Material provided:
-=-=-
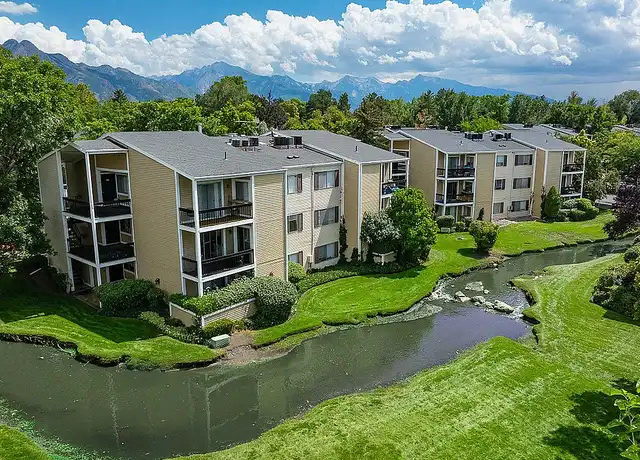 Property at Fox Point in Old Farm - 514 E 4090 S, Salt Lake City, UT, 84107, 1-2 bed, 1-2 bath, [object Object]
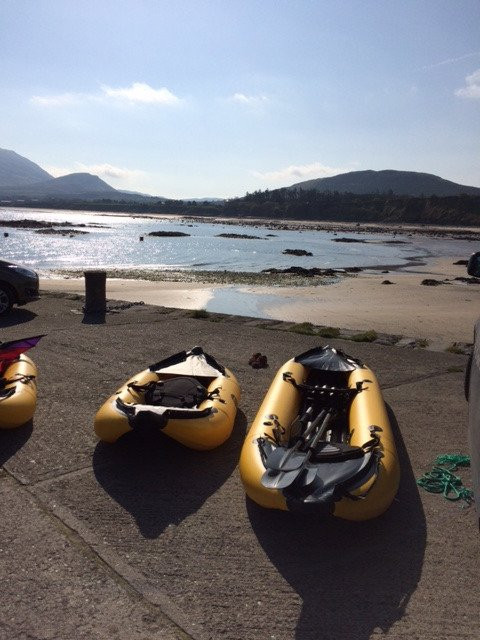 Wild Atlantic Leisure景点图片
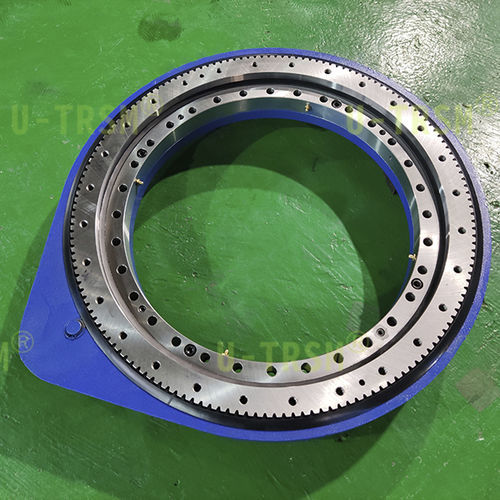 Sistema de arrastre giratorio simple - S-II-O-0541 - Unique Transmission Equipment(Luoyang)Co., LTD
-=-=-
What you will do: Write the lines above out again exactly, without any of their pictures.

The answer:
 Property at Fox Point in Old Farm - 514 E 4090 S, Salt Lake City, UT, 84107, 1-2 bed, 1-2 bath, [object Object]
 Wild Atlantic Leisure景点图片
 Sistema de arrastre giratorio simple - S-II-O-0541 - Unique Transmission Equipment(Luoyang)Co., LTD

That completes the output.